When the voltage at the anode gets up to the supply voltage—$3$ volts—plus an additional $\sim0.7$ volts *the diode becomes forward biased and it starts to conduct!*

The forward biased diode provides a path for the inductor current. When the diode turns on the inductor current turns right and flows *up* through the diode. When it gets through the diode the current turns left and flows back down through the inductor, going in a circle.

The diode provides a path for the inductor current to flow when the switch is opened.

What happens to the voltage? The diode voltage “clamps” $v_{\text{pb}}$, preventing it from getting much higher than the power supply plus $0.7$ volts. $v_{\text{pb}}$ never gets a chance to shoot up to a dangerous high level. This clamping action provides a path for current and prevents the dreaded arc. Everybody is happy.
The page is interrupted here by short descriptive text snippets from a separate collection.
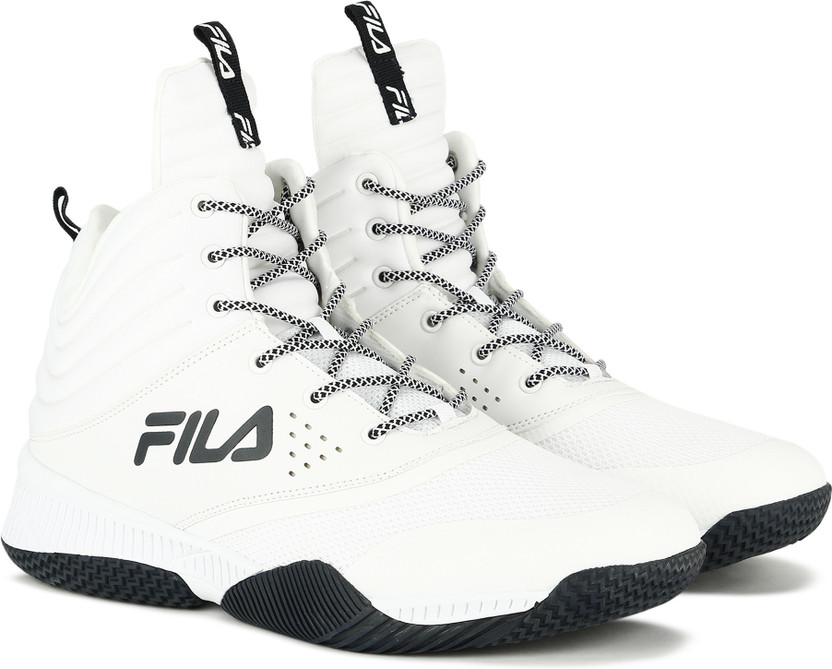Fila basketball shoes flipkart clearance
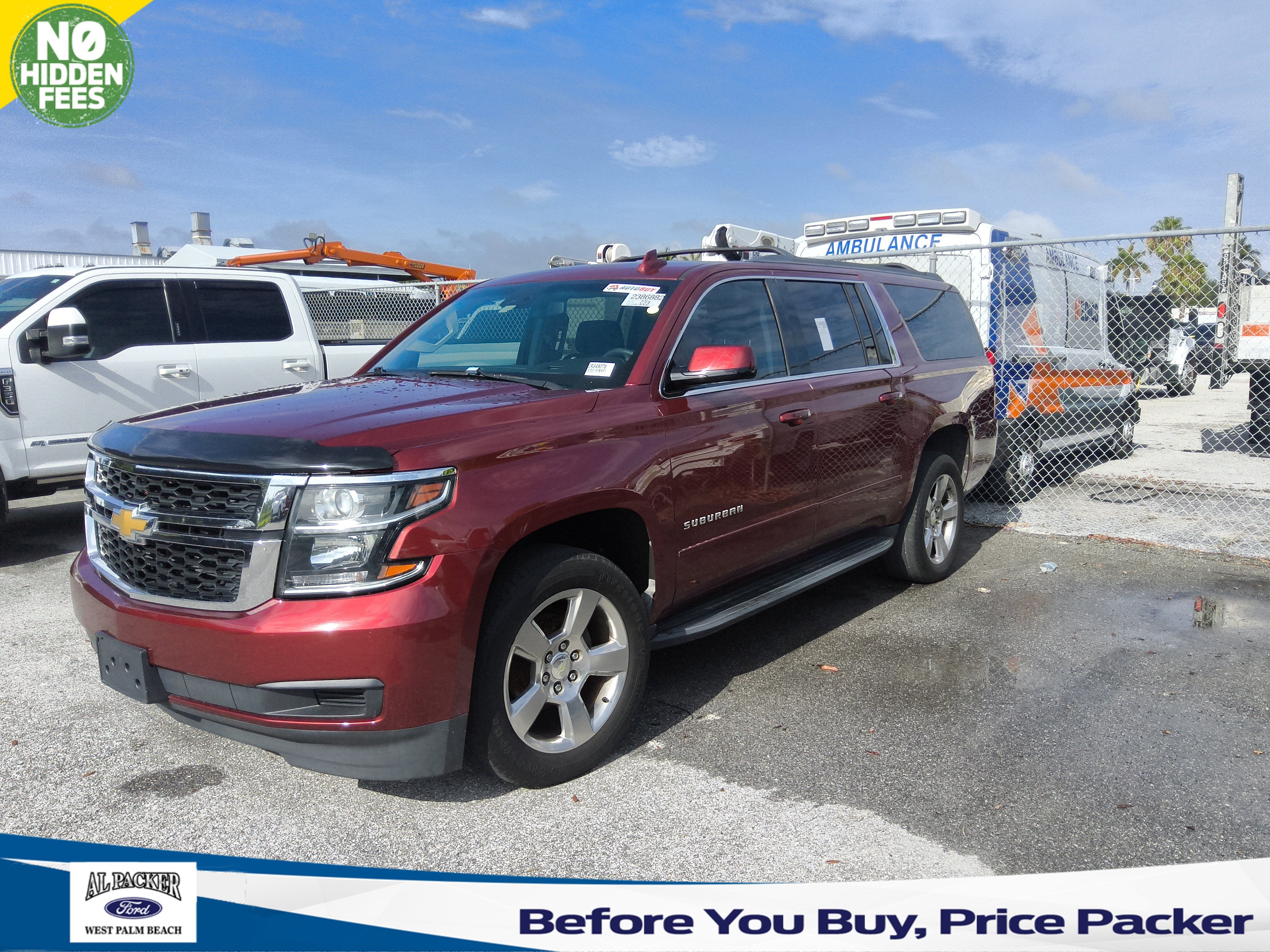 2018 Chevrolet Suburban LS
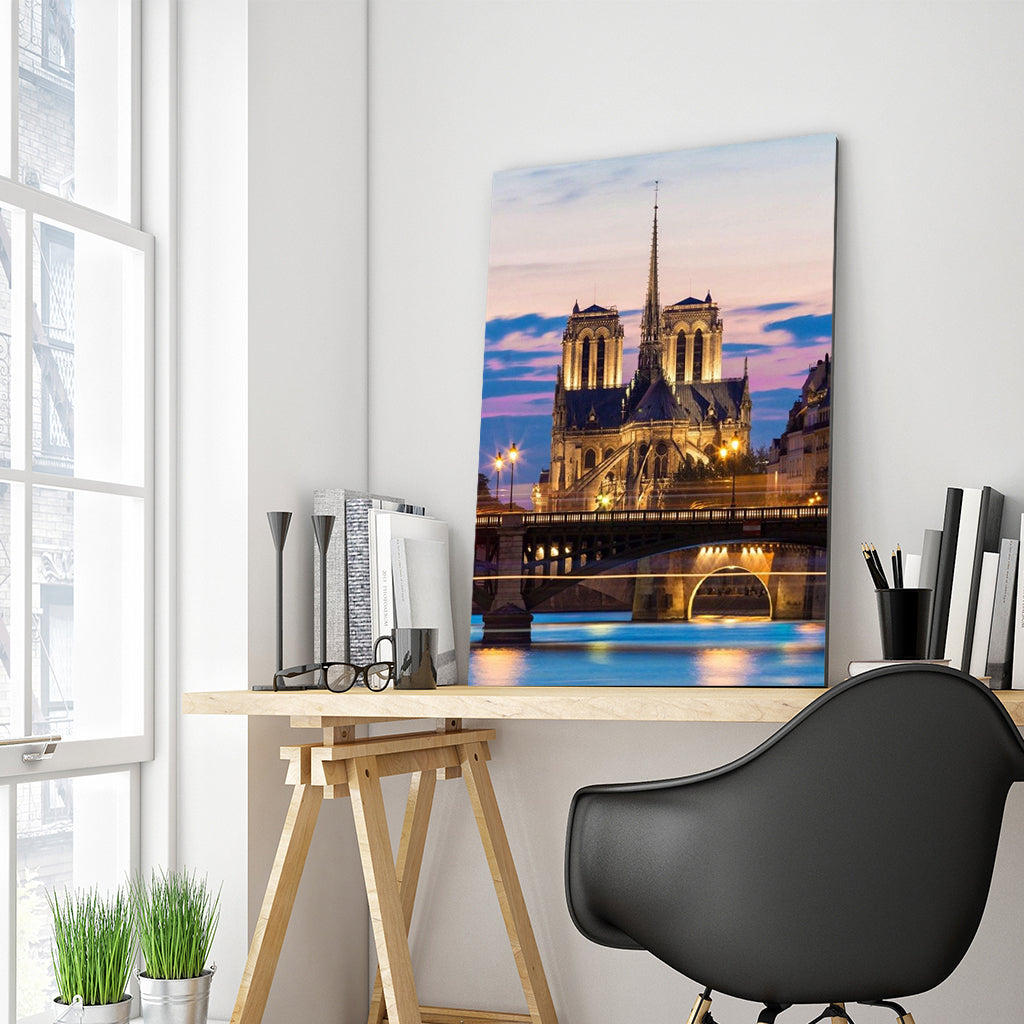 Full Diamond Painting kit - Scenery of Cath¨¦drale Notre Dame de Paris
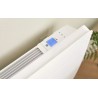 Radiateur fonte electrique NIRVANA NEO Plinthe 1000W Blanc - Atlantic 529922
The current circles around through the diode and inductor until the real-world resistance of the inductor and diode dissipates the inductor’s stored energy as heat. The diode prevents a major inductive voltage spike and protects the surrounding components.

## Simulation models

This kickback effect really happens. Take some time to explore this simulation model with an inductor and diode. The N-type MOSFET transistor QPB and voltage source VPB play the role of push-button switch.

Try these experiments,

- Click on TRAN to see how the switch works.
- Notice the on/off pattern of the VPB voltage source. This controls the NMOS switch.

When VPB is low the switch is open. When VPB is high the switch is closed.

- Notice the on/off pattern of the VPB voltage source. This controls the NMOS switch.
- Add a voltage probe to node $v_{\text{pb}}$. Set its color to orange. Run TRAN again.
- $v_\text{pb}$ is the voltage at the bottom of the diode.

- Delete the cyan probe on VPB to get a clearer view of $v_{\text{pb}}$.
- What is $v_\text{pb}$ when the switch is closed?
- What is the voltage reached by $v_\text{pb}$ when the switch opens?
- Notice how the voltage stays flat for a while and then returns to $3\,\text V$. During this time current is circulating through the inductor and diode as the inductor energy runs out.

- Add a current probe (the arrow just below the voltage probe in the tool bin). Rotate the probe so it’s pointing up and insert it below the diode. Run TRAN again to see the current waveform. Here’s a simulation model with all three probes.
- The three-probe simulation model includes a resistor in series with the inductor. Mess with its value and see how it changes the time it takes for the current to expend all the stored energy.
- Here is a simulation model without the diode. Run a TRAN and be amazed by the peak voltage generated by the inductor. This is a challenging circuit for the simulator—it may take a good portion of a minute to run on a laptop.

## Summary

The current in an inductor does not change instantaneously.

Be careful making circuits with an inductor. A sudden changed in current, like throwing a switch open, means the derivative of current $di/dt$ can become very large. The inductor equation tells us there can be a large kickback voltage generated across the inductor.

One way to deal with potentially destructive inductor voltage is to design an alternate path for the current. We showed how to add a clamping diode to provide a current path and limit the inductor voltage to an acceptable value.